How did a one-acre fire on the Chimney Tops trail in the Great Smoky Mountains National Park transform into a massive firestorm? Take an inside look at the events leading up to the November 2016 Gatlinburg wildfires that claimed 14 lives. Angela Gosnell/News Sentinel
Two women who survived the Gatlinburg wildfire will face off this week to accuse each other of scamming and cyberbullying on Dr. Phil McGraw's nationally syndicated talk show.
The episode will air nationwide on Friday, said Vanessa Atler, a publicist for the show. Viewers in the Knoxville area can catch the show at 3 p.m. on WBIR-TV, Channel 10.
Melinda Stites escaped the Nov. 28, 2016, wildfire with her husband and two children, driving through flames down Ski Mountain from their home in the Chalet Village community. She helped found the Gatlinburg Wildfire Survivors Group as a way to demand answers from public officials on the handling of the fire and lobby for public safety changes.
The group later broke up into factions as quarrels arose between members and officials accused the organizers of rabble-rousing.
Accusations fly
Darlene Verito Triail, an early member of the group, will appear on Friday's show to accuse Stites of bogus fundraising and to denounce her as “a scamming, lying, mentally unstable bully who scammed innocent victims,” according to a news release on the episode, which was recently taped before a studio audience.

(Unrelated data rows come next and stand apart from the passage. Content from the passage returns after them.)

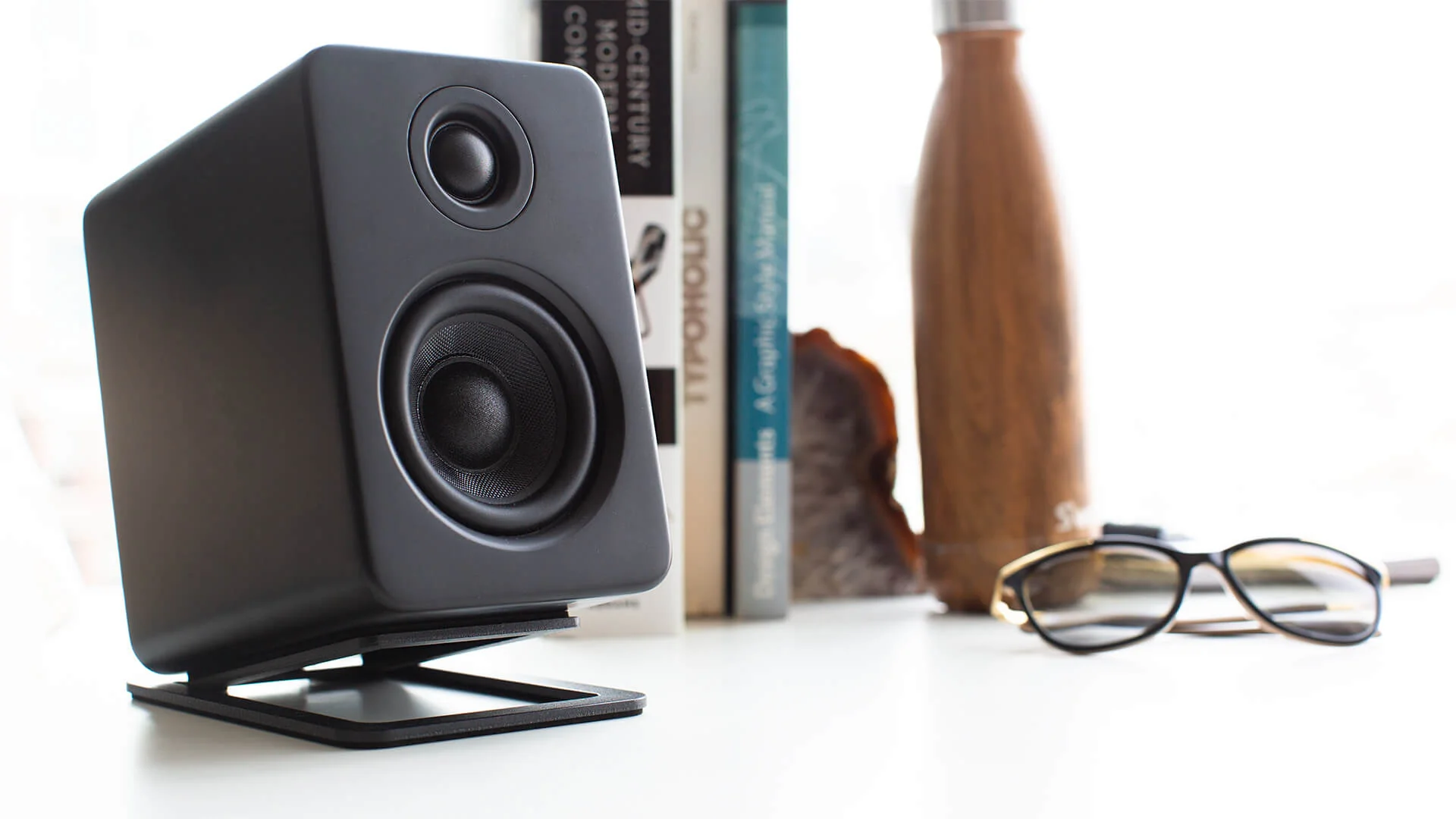 Kanto YU2 - Haut-parleurs de bureau amplifiés 25 Watts Canal - Image 10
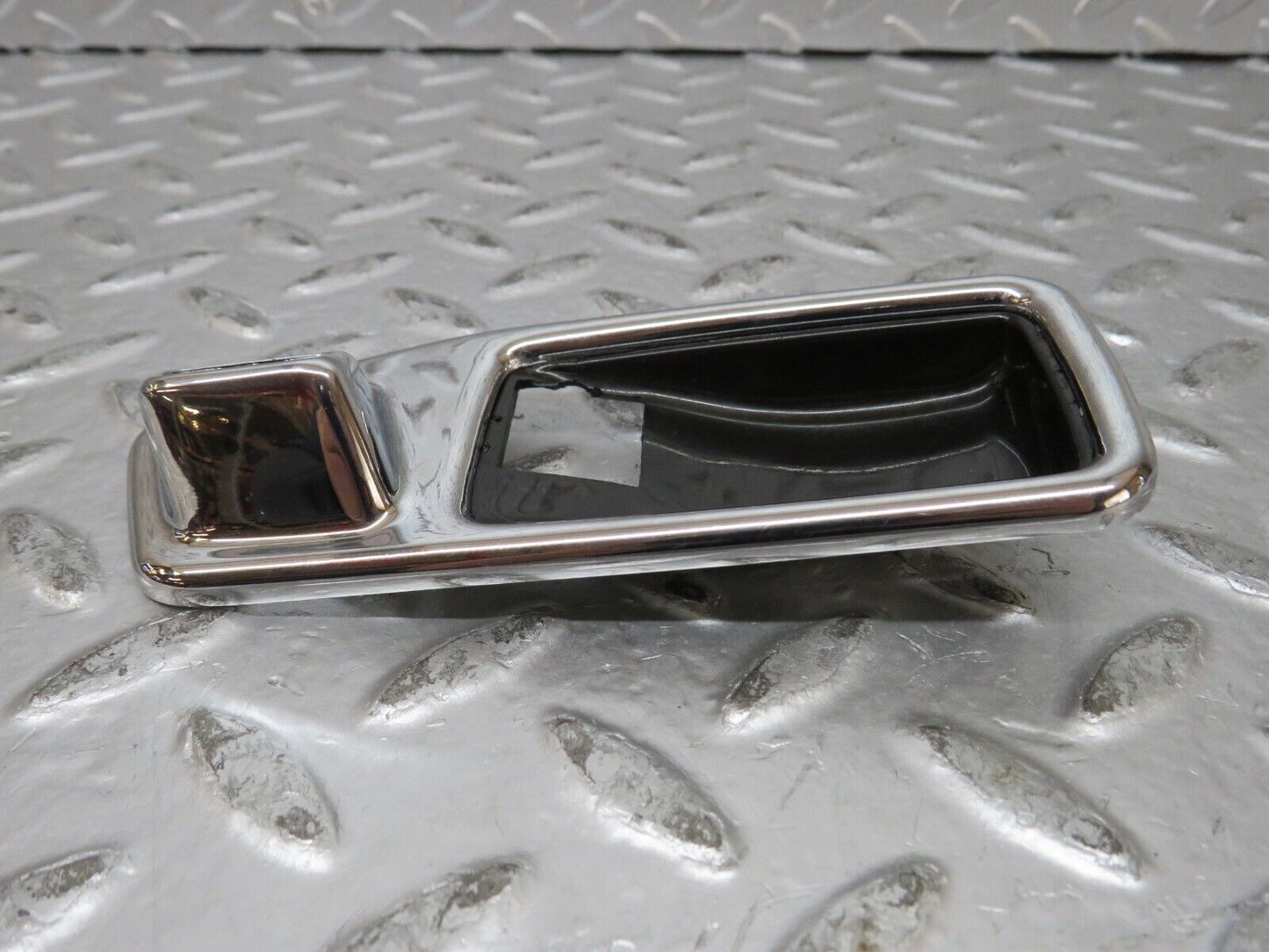 27172 Mercedes-Benz W123 280E Chrome Frame Door Opener Rear Right 1167660211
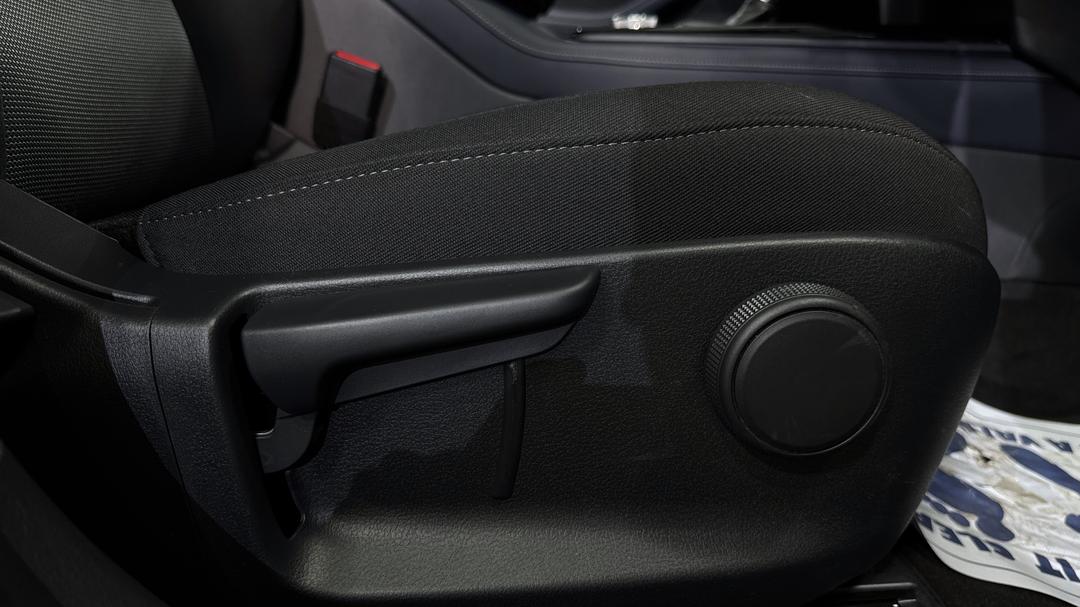 2024 Mazda CX-30 G20 Evolve (FWD), Automatic, 7580 km, Drivers Side Adjustment Panel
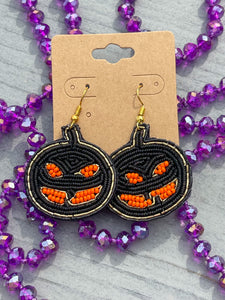 Beaded Halloween Earrings || Evil Shadow Pumpkin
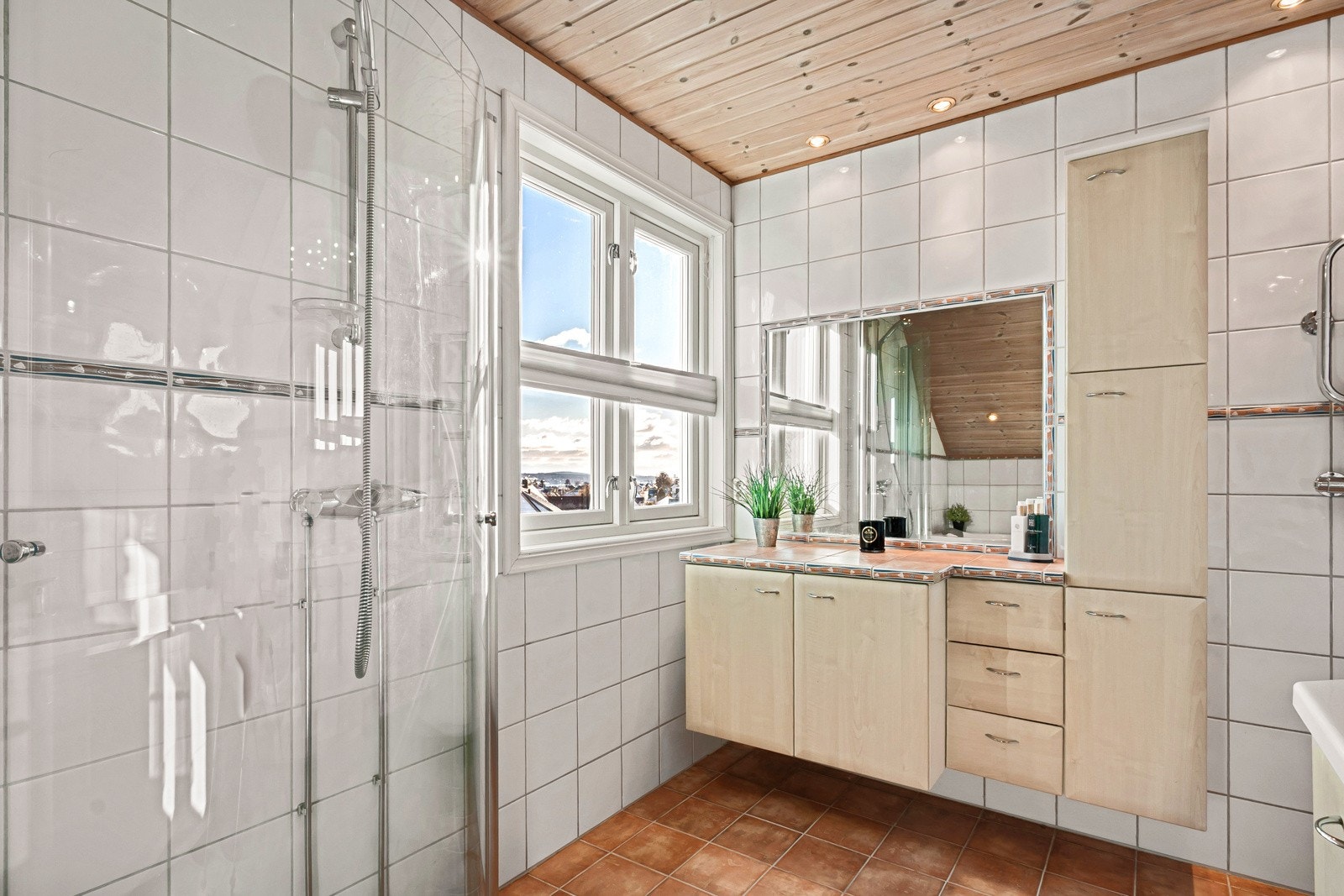 Pent, flislagt baderom med varme i gulvet. Galleribilde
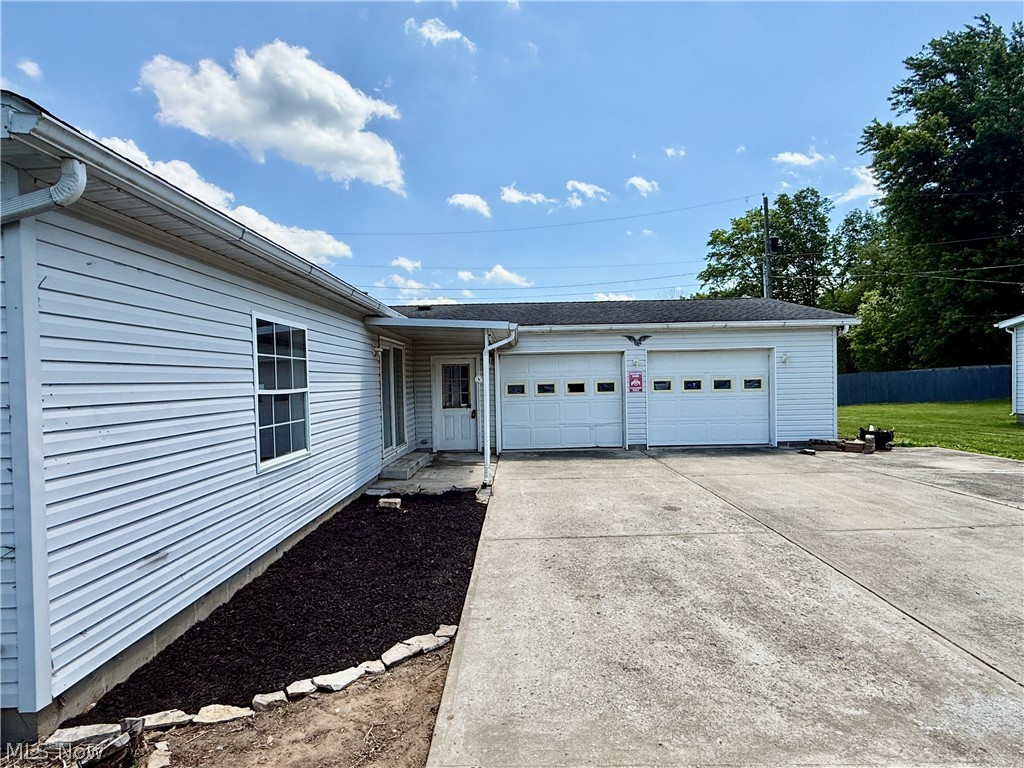 17 Stevy Lane Frazeysburg OH 43822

Stites will also appear. She "admits she received and spent donated money but denies any wrongdoing," according to the release.
It's not clear from the release whether any other fire survivors will appear on the episode, or how much - if at all - the show will deal with the wildfire itself, which began after high-speed winds fanned a five-day-old blaze inside the Great Smoky Mountains National Park in the midst of a drought and drove the flames into town. Fourteen people died, more than 100 others suffered various injuries and more than 2,500 homes and businesses were damaged or destroyed. Estimates have placed the total damages at more than $1 billion.
Various current and former members of the survivors group have taken to social media in the year since the wildfire to make all manner of accusations against each other. Those accusations include cyberbullying, threats and other claims, some apparently filed with Sevier County and Gatlinburg authorities.
No charges have been filed against Triail or Stites.
Stites and Triaill each said they signed a contract agreeing not to talk about the show until after it airs.
Friday won't be the first time Dr. Phil, the self-styled successor to daytime talk-show queen Oprah Winfrey, has tapped a Sevier County controversy. A February 2015 episode highlighted the case of Shannon Hercutt, a Gatlinburg realtor whose August 2009 killing remains unsolved.
Hercutt's sister accused their father, Ted Hercutt, on the show of playing a role in the killing. The father denied any involvement and was never charged. No arrests have been made in the case.